I must say I typically only read military and historic travel books yet was surprisingly impressed with this book. It started off some what slow and the author's unique voice was almost the cause of me stopping. However, it gradually grew on me and I came to look forward to hearing the author and his insightful words. I had no preconceived notion of the book - was just drawn to it upon seeing it listed. I was very pleased to know that it was essentially centered around a disciple of Paramahansa Yogananda the author of Autobiography Of a Yogi - which has been one of my most favourite books. I will buy this book in hard copy as it is one of the must haves on my shelf.
"40 minutes in, and still in his childhood . . ."
Spiritual-, metaphysical-, and consciousness-related books interest me. I'd read some negative reviews on this book, so held off. But, thought I'd give it a try now.
I have no idea who this man is, but also have no idea who most of the authors whose books I read. So, I thought I'd ignore the negative comments and see for myself.

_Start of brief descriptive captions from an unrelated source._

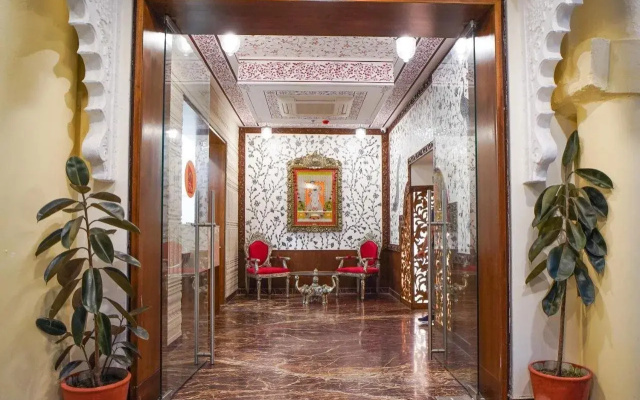 The Amar Mahal luxury boutique hotel near Fateh Sagar Lake Udaipur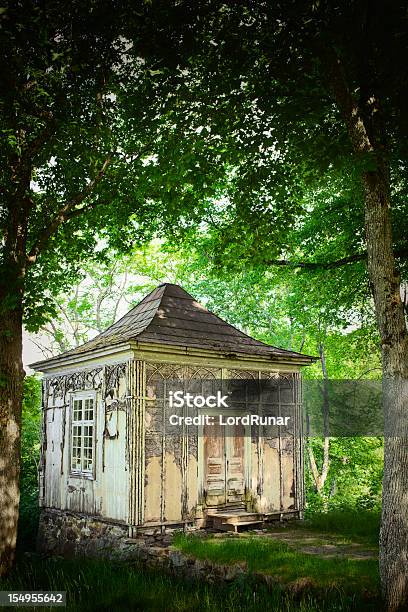 Kleines Haus In Den Wald Stockfoto und mehr Bilder von Altertümlich - Altertümlich, Klein, Landhaus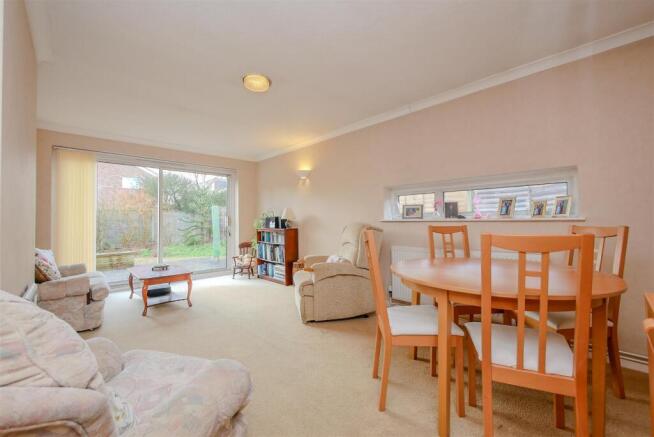 Lounge/Dining Room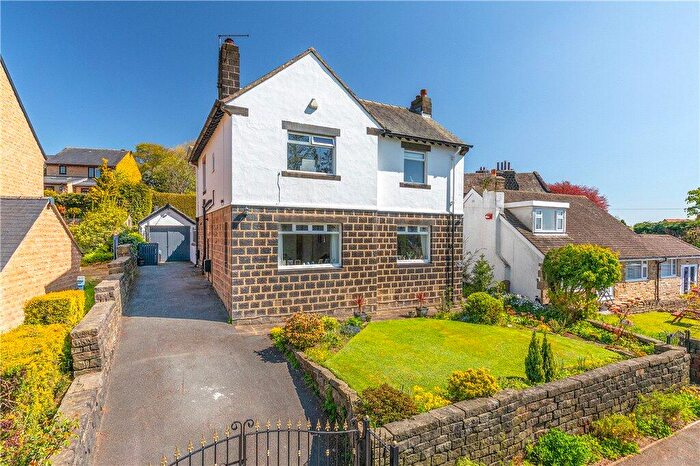 4 Bedroom Detached House For Sale In Oxford Avenue, Guiseley, Leeds, LS20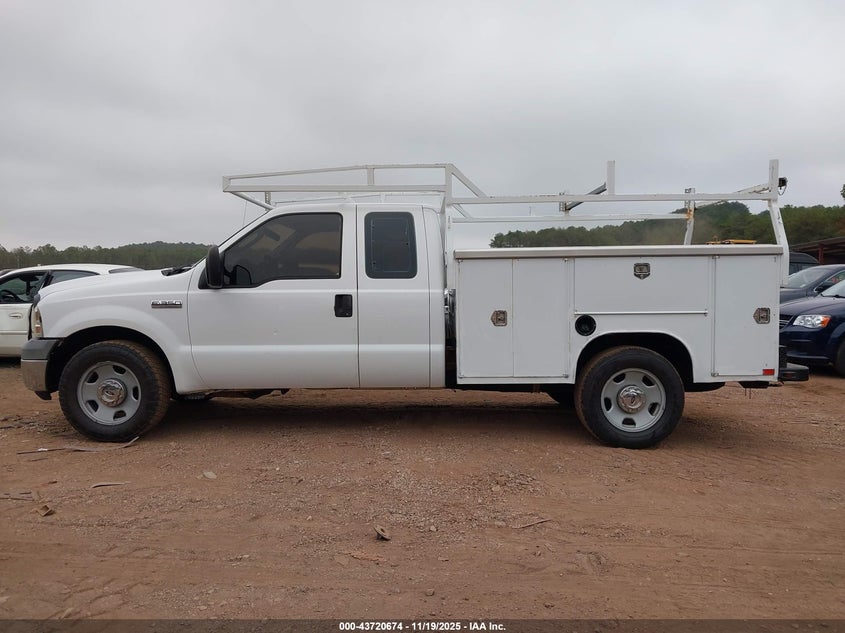 2005 Ford F-350 Lariat/Xl/Xlt VIN: 1FDWX30525EB07463 Lot: 43720674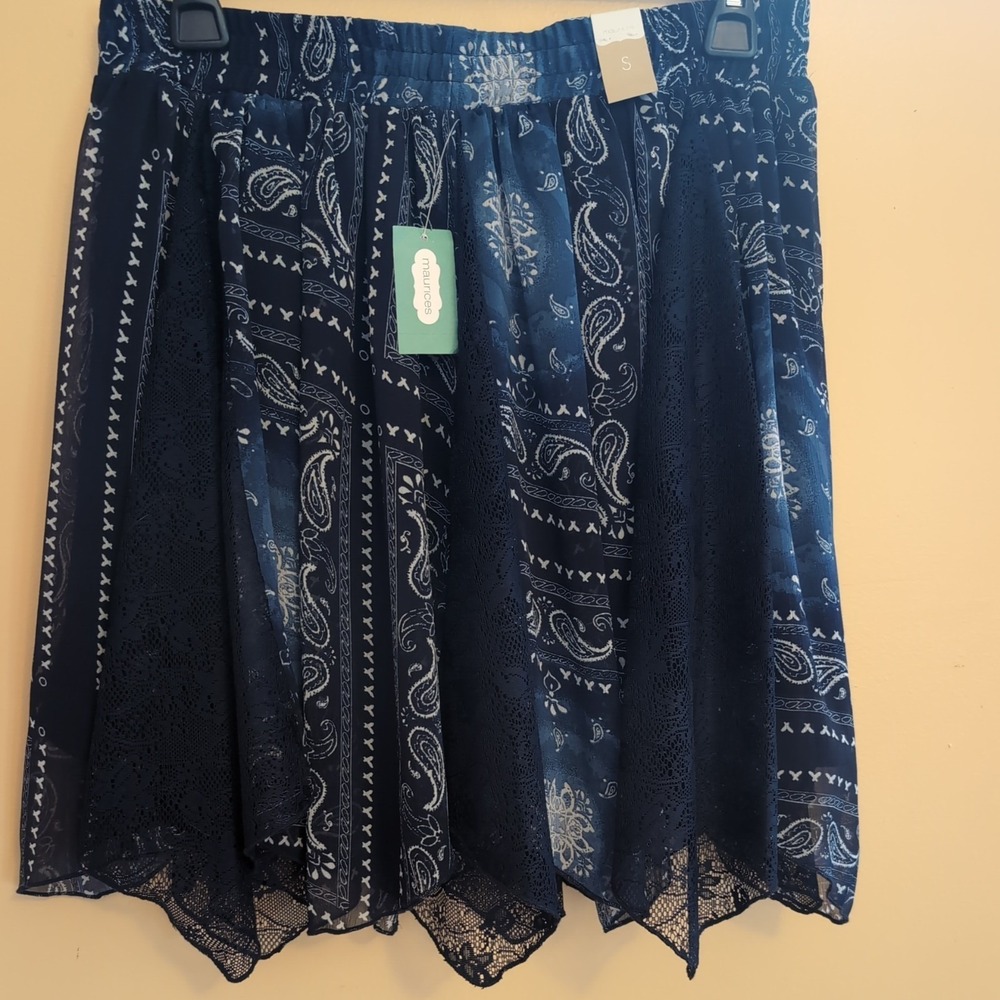 Maurices Blue Bandana Paisley Lace Handkerchief Hem Skirt Small NWT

40 minutes into this audiobook we are *still* in his childhood and I have no idea WHATSOEVER what this man has accomplished and has to contribute to the edification of me or anybody else.
Perhaps he has a brilliant observation that I would be interested in. But how long will I have to wait to get to it? Maybe he should have started with that and then gone into his detailed personal history afterwards for anyone who is interested. As a footnote. Or an Appendix. Maybe the linear approach is not the best for all books. We all have a childhood and most childhoods can be summed up in 30 seconds.
I skipped forward a bit to see if it gets better, but gave up. Nothing interesting.
At the same time I bought a couple audiobooks with Alan Watts speaking. The total opposite. Alan Watts talks about ideas, life, and makes brilliant observations that make for "light bulb" moments as I listen. I feel enlightened and expanded listening to Alan Watts share his thoughts.
After 40 minutes of this audiobook I was wondering when I was going to find out what this man has to share - any Insights?, Observations?, Experiences?
Perhaps they are in this audiobook, but I prefer books that GET TO THE POINT. Maybe this book is one where I should be enjoying the journey and not focus on the destination, but so far it's a boring trip, and I'm going no further.